Just off the edge of one of the islands we walked around some rock pools to look for some wildlife. Just in this small area we found different coral species, a stingray and a juvenile butterfish.
The highlight of the trip though had to be walking amongst all the birds on the furthest island and seeing so many species all together in one place. It was amazing to see so many different species and hear all their different calls.
Bijol Islands are definitely worth the visit, especially if you're an avid birdwatcher! However, we do recommend reapplying the sun cream because many of us came back a bit more burnt than when we arrived, despite the cold breeze and clouds.
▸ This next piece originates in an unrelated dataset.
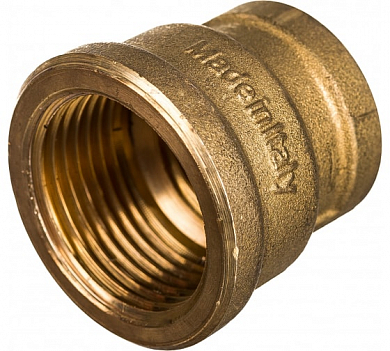 Муфта ВВ переходная 3/4 х 1/2 (SFT-0005-003412) STOUT RG008Q0ODOJT6A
It was sadly our last full day of being in the beautiful Gambia. We carried out another vulture transect. counting 509 total vultures this time, making 1000 sightings in total just on the transect surveys!
Horse and Donkey Trust
Next, we drove to The Gambian Horse and Donkey Trust, which is an inspiring, wonderful place that rescues injured donkeys and horses as well as cats and dogs.
They ship donated snaffle bits from UK to The Gambia so that owners of horses and donkeys whose animals are being worked in inappropriate bits are able to swap them for a more comfortable option.
All the workers and vet volunteers were so hard working and are so passionate about all of their animals' welfare. We also got to play with the rescued puppies which was lovely. It was a truly brilliant place and none of us wanted to leave!
When we eventually left, we drove back to the hotel through the busy streets. We did our presentations of our chosen projects and discussed what we found.
We talked about our trip what it had been like to experience a conservation project at the very beginning of the development process. We witnessed how conservation projects may impact the community and the challenges there are for conservationists not only socially but mentally and physically as well.